Assim, a história do pecado original reconcilia-me com o antigo
testamento; é mesmo a meus olhos a única verdade metafísica do
livro, embora aí se apresente sob o véu da alegoria. Porque a nossa
existência assemelha-se perfeitamente à consequência de uma
falta e de um desejo culpado...
Quereis
ter sempre ao alcance da mão uma bússola segura a fim de vos
orientar na vida e de a encarar incessantemente sob o seu verdadeiro
prisma.
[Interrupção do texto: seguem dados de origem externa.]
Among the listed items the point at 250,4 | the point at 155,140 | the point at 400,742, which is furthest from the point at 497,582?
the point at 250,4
Habituai-vos a considerar este mundo como um lugar de
penitência, como uma colônia penitenciária, como lhe chamaram já
os mais antigos filósofos (Clem.
Alex. Strom.
L. III, c. 3, p. 399) e alguns padres da Igreja. (Augustin. De
civit.
Dei, L. XI, 23).
A
sabedoria de todos os tempos, o Bramanismo, o Budismo, Empédocles e
Pitágoras confirmaram este modo de ver; Cicero (Fragmenta
de philosophia,
vol. 12, p. 316, ed. Bip.) conta que os sábios antigos na iniciação
dos mistérios ensinavam: nos
ob aliqua scelera sucepta in vita superiore, pœnarum luendarum
causa natos esse
[Nascemos para cumprir a pena de alguns crimes cometidos em uma vida
anterior]. Vanini, que acharam mais cômodo queimar que refutar,
exprime essa ideia da maneira mais enérgica, quando diz: Tot,
tantisque homo repletus miseriis, ut si Christianæ religioni non
repugnaret: dicere auderem, si dcemones dantur, ipsi, in hominum
corpora transmigrantes, sceleris pænas luunt.
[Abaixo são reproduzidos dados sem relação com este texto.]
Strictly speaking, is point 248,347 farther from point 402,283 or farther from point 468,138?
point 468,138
[O homem está tão repleto de tantas misérias, que, se a religião
cristã não se opusesse, eu me atreveria a dizer: se existem
demônios, eles mesmos, ao passarem aos corpos dos homens, cumprem
penas.] (De
admirandis naturae arcanis,
dial. L. p. 353.) Mas, mesmo no puro cristianismo bem compreendido, a
nossa existência é considerada como a consequência de uma falta,
de uma queda. Se nos familiarizarmos com esta ideia, não esperaremos
da vida senão o que ela pode nos dar, e longe de considerarmos as
suas contradições, sofrimentos, tormentos, misérias grandes ou
pequenas, como coisas inesperadas, contrárias às regras,
achá-las-emos perfeitamente naturais, sabendo bem que na Terra cada
um sofre a pena da sua existência, e cada um a seu modo. Entre os
males de um estabelecimento penitenciário, o menor não é a
sociedade que nele se encontra. O que a sociedade dos homens vale,
sabem-no aqueles que mereceriam outra melhor, sem que seja necessário
que eu o diga. Uma bela alma, um gênio, podem por vezes experimentar
aí os sentimentos de um nobre prisioneiro do Estado que se encontra
nas galés rodeado de celerados vulgares; e, como ele, procuram
isolar-se. Em geral, porém, esta ideia sobre o mundo torna-nos aptos
a ver sem surpresa, e ainda mais, sem indignação, o que se chamam
as imperfeições, isto é, a miserável constituição intelectual e
moral da maior parte dos homens, que a sua própria fisionomia nos
revela...
A
convicção de que o mundo e, por conseguinte, o homem são tais que
não deveriam existir é apresentada
de
modo
que nos deve encher de indulgência uns pelos outros; que se pode
esperar, de fato, de uma tal espécie de seres? — Penso, às vezes,
que a maneira mais conveniente
de
os
homens se cumprimentarem em vez de ser Senhor, Sir etc, poderia ser:
“companheiro de sofrimentos, soci
malorum,
companheiro de miséria, my
fellow-sufferer”.
Por muito original que isto pareça, a expressão é contudo fundada,
lança sobre o próximo a luz mais verdadeira, e lembra a necessidade
da tolerância, da paciência, da indulgência, do amor ao
próximo, sem o que ninguém pode passar, e de que, portanto, todos
são devedores.
Extraído de
SCHOPENHAUER,
Arthur. As
dores do mundo (p. 25-30).
São Paulo, EDIPRO, 2014.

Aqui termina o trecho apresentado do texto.